[Exercise brief]
Repeat the stretch of entries below from the line with "2023 Toyota Venza XLE" through the line with "Waterfront Double-Cabin Getaway". Include both ends and add nothing.

---- Dataset entries

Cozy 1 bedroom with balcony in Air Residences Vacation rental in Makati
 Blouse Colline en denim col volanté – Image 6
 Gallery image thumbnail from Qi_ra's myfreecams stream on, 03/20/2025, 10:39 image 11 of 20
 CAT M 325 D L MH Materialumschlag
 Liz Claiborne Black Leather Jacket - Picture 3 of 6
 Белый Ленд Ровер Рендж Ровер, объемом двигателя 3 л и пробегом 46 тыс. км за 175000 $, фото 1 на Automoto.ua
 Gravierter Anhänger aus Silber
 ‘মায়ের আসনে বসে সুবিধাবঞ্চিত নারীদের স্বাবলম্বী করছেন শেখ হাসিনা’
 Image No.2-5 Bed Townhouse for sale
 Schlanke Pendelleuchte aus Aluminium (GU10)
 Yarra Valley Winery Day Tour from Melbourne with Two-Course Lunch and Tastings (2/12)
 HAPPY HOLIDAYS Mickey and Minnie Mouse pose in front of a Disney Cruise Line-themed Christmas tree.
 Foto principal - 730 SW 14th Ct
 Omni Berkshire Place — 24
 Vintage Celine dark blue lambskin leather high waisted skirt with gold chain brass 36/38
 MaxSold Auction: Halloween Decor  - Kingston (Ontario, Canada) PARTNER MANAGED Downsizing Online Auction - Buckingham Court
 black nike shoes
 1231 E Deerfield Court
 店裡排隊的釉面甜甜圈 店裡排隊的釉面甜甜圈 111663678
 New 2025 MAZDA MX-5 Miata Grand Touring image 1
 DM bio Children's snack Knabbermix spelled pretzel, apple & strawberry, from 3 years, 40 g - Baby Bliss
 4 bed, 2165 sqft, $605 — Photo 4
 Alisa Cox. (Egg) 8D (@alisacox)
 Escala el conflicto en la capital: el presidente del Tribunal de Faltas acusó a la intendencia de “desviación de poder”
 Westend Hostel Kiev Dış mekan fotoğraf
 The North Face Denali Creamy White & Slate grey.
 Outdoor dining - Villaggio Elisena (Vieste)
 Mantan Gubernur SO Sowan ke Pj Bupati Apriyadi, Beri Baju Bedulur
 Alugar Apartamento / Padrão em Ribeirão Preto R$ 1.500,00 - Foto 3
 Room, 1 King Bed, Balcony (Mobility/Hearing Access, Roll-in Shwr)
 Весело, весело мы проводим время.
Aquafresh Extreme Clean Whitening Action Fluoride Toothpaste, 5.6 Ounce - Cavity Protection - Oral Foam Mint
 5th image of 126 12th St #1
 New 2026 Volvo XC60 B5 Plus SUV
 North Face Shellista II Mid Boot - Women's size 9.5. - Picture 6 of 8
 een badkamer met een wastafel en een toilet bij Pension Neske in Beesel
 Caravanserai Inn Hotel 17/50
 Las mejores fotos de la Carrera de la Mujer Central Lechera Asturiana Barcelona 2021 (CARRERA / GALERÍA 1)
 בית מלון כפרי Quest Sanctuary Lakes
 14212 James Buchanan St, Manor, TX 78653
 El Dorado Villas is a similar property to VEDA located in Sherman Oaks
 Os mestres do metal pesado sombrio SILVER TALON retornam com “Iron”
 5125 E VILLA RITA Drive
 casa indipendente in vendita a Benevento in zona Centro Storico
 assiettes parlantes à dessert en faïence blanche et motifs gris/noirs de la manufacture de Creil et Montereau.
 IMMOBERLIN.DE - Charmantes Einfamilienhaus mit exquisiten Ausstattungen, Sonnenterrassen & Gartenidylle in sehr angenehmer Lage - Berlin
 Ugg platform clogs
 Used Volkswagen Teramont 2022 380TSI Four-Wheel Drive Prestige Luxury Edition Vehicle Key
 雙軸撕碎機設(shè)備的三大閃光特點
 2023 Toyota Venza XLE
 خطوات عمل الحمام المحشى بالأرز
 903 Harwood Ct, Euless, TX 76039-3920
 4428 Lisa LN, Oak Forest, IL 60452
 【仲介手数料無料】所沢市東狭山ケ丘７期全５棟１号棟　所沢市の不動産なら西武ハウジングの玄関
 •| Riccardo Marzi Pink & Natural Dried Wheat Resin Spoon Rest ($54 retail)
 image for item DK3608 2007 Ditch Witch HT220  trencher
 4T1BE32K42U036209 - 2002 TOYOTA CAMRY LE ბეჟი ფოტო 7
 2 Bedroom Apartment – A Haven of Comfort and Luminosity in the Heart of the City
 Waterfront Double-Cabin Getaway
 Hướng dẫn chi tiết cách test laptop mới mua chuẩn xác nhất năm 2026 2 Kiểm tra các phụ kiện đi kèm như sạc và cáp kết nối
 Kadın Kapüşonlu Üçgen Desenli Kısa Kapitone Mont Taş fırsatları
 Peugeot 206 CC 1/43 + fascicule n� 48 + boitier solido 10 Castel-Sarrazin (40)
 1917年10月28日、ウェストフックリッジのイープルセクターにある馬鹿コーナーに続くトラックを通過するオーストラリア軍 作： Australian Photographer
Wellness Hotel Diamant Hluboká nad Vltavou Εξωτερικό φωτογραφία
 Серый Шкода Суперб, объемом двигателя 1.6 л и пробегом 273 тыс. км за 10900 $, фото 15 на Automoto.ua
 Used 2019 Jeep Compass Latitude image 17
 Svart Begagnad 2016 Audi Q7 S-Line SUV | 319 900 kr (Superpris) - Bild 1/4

--------

[Completed exercise]
 2023 Toyota Venza XLE
 خطوات عمل الحمام المحشى بالأرز
 903 Harwood Ct, Euless, TX 76039-3920
 4428 Lisa LN, Oak Forest, IL 60452
 【仲介手数料無料】所沢市東狭山ケ丘７期全５棟１号棟　所沢市の不動産なら西武ハウジングの玄関
 •| Riccardo Marzi Pink & Natural Dried Wheat Resin Spoon Rest ($54 retail)
 image for item DK3608 2007 Ditch Witch HT220  trencher
 4T1BE32K42U036209 - 2002 TOYOTA CAMRY LE ბეჟი ფოტო 7
 2 Bedroom Apartment – A Haven of Comfort and Luminosity in the Heart of the City
 Waterfront Double-Cabin Getaway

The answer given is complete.